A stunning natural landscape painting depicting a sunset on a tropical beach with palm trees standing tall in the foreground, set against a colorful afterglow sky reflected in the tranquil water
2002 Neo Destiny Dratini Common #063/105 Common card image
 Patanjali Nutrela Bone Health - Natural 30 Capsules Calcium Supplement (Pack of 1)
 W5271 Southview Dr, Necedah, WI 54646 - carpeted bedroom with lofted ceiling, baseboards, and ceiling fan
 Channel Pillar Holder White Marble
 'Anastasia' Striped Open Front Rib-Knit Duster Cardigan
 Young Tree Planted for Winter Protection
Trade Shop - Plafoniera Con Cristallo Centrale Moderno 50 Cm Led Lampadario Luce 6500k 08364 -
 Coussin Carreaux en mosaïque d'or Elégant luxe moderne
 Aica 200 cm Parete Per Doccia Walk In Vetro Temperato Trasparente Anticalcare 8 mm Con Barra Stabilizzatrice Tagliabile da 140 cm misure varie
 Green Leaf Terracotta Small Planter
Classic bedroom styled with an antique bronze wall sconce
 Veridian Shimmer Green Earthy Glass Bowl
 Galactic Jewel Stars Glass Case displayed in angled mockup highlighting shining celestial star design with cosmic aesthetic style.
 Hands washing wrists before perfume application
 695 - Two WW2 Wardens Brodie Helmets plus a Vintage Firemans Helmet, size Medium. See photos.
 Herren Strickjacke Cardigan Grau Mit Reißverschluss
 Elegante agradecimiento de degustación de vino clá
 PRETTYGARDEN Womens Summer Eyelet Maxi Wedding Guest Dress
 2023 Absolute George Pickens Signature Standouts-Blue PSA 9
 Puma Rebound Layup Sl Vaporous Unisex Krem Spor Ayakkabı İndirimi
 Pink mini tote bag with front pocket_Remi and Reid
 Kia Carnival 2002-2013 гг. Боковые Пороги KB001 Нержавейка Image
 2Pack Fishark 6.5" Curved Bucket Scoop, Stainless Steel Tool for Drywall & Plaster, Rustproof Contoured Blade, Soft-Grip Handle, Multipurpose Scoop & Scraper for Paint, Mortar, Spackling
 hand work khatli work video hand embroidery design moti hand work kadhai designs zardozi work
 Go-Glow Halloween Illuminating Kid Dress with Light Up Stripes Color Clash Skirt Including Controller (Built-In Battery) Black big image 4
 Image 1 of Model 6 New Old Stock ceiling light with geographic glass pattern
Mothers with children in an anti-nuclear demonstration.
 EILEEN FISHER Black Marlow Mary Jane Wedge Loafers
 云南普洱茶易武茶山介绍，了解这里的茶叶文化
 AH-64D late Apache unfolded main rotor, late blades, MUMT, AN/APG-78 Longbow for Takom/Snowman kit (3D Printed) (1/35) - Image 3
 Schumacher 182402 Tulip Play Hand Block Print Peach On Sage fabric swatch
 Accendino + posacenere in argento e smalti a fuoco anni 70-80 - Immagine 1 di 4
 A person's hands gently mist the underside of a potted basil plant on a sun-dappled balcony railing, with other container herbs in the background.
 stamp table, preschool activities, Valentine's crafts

——————————

__Problem statement__:
An exact copy of the lines above between the line holding "2002 Neo Destiny" and the line holding "Young Tree Planted for Winter Protection", inclusive, is the whole answer.

__Exercise output__:
2002 Neo Destiny Dratini Common #063/105 Common card image
 Patanjali Nutrela Bone Health - Natural 30 Capsules Calcium Supplement (Pack of 1)
 W5271 Southview Dr, Necedah, WI 54646 - carpeted bedroom with lofted ceiling, baseboards, and ceiling fan
 Channel Pillar Holder White Marble
 'Anastasia' Striped Open Front Rib-Knit Duster Cardigan
 Young Tree Planted for Winter Protection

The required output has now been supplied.